Local, Seasonal, Organic

Focusing on local sustainability I have the joy of working with local vegetable & mushroom growers, ensuring I use the freshest seasonal vegetables with the least mileage. I use organic whole food suppliers with trusted supply chains. Eating seasonally means that the produce is grown in its best suited environment, without the need for chemical pest control, fertilisers or long-distant transport. Organic seasonal produce, aside from any sustainability or ecological benefits, is far superior in flavour.


A strictly vegan diet isn’t always the most sustainable option. Like everything: it’s relative. My vegan menus are designed to celebrate the abundance of wonderful British produce with the occasional luxurious treat from afar. Everything in balance. You are invited to try a plant-based diet, free of substitutes and replacement products for the duration of the retreat.


I never use meat or dairy substitutes. Aside from the plastic they’re wrapped in, the expansive list of unpronounceable, unrecognisable ingredients on said plastic is a clear indication that this isn’t nourishing. I do, however, make a rather delectable fermented cashew ‘cheese’.

Palm Oil

I never use products with palm oil. Period.


I occasionally use soy products, mainly tempeh, which is fermented, but not as a sole replacement for protein/meat. Over consumption of any one thing is only ever going to cause problems.


I give myself a nut quota for each long weekend retreat, particularly with cashews due to the method of harvesting and processing them. I only use organic nuts.

Waste and Cleaning

All of my cleaning products & materials are at least biodegradable or recyclable; at best compostable. I produce very minimal waste. All food waste is composted myself. Using no processed foods means no processed packaging.
Anything I can reuse, I reuse, before eventually recycling it when it has reached the end of its functional service.


Herbs tend to come in plastic to keep them fresh.
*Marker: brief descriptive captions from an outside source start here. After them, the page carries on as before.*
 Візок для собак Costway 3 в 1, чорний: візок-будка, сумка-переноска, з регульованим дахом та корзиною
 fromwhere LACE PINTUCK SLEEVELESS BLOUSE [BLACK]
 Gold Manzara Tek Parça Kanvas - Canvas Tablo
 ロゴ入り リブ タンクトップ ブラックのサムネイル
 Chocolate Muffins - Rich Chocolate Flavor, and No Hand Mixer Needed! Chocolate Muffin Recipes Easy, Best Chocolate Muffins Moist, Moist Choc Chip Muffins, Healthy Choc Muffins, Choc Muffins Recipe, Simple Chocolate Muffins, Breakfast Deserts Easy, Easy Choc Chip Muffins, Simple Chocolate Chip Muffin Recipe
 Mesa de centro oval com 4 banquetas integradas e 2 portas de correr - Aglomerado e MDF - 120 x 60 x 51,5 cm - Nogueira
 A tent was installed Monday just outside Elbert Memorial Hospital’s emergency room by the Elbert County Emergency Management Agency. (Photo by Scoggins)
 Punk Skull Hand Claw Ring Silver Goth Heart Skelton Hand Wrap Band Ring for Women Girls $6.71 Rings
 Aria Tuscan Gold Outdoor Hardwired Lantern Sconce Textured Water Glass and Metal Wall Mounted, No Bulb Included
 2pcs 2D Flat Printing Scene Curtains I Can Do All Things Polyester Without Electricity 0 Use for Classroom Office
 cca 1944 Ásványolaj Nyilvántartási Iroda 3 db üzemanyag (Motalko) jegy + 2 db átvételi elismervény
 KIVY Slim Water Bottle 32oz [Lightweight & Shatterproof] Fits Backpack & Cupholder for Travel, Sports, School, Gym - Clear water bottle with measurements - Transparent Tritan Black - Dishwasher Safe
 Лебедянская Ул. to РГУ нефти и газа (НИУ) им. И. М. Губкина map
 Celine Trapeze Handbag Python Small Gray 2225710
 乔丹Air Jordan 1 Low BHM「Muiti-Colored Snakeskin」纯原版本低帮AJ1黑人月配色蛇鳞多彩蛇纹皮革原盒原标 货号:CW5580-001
Where possible I grow my own and bring them to retreats to further minimise waste, knowing the soil they grow in has come from another retreats peelings.

Giving Back

I donate a portion of my earnings at my events to the World Land Trust’s Buy an Acre campaign which invests money in buying land to protect natural landscapes.

table spread
breakfast jars
Joe the chef walking in garden

Joe catered for 34 guests for a lunch party to celebrate our daughters 30th birthday.  She is on a plant based diet and to add to the challenge she is also on a gluten free diet.  Her wish was to be able to eat everything,  Our 34 guests, most of whom were carnivores, were truly amazed by the wonders of a plant based menu.  A delicious 3 course feast using seasonal and locally sourced ingredients  with tremendous variety in taste, flavour, colour and texture.  We were all so impressed.  A large part of the cooking and prep was done in our home kitchen, Joe was highly organised, efficient and left the kitchen spotlessly clean.  He had even baked fresh bread on the day!  We would not hesitate to recommend him.

Ann Simon – Popup Restaurant Customer

As a retreat teacher sharing weekends at different Uk venues, I can honestly say Joe is my favourite retreat chef! His meals are not only delicious and beautiful on the plate, but they feel good for the soul too. His passion for sourcing local, organic produce to create and share plant-based seasonal dishes is such a pleasure to enjoy. No request is ever too much trouble too, always accommodating to guests specific needs with ease and a smile! Thanks Joe. Can’t wait to enjoy your food again soon.

Carolyn – Yoga With Carolyn

I’ve been running retreats in the UK and abroad for almost 11 years and probably hosted at least 150 day and weekend yoga retreats in that time. I would gladly say Joe’s catering was up there with some of the best. I loved his vibe, a super cool, chilled, happy soul who clearly loves food and nourishing people very much.

Saira Francis – Mellulah Yoga

I was lucky enough to bring a group of hungry yogis to Holwell Holistic Retreat which was catered beautifully by Satori food. I really can’t fault Joe’s cooking which was hearty, healthy and delicious. The food was thoughtfully planned and presented with generous portions and with great attention to detail and I found Joe charming and very easy to collaborate with.

John Collins – Retreat Host

Joe’s mastery with flavour and vegan cuisine is second to none. Take ordinary vegetables, pass them to Joe, and BAM you’re faced with seriously delicious plates of good-looking food.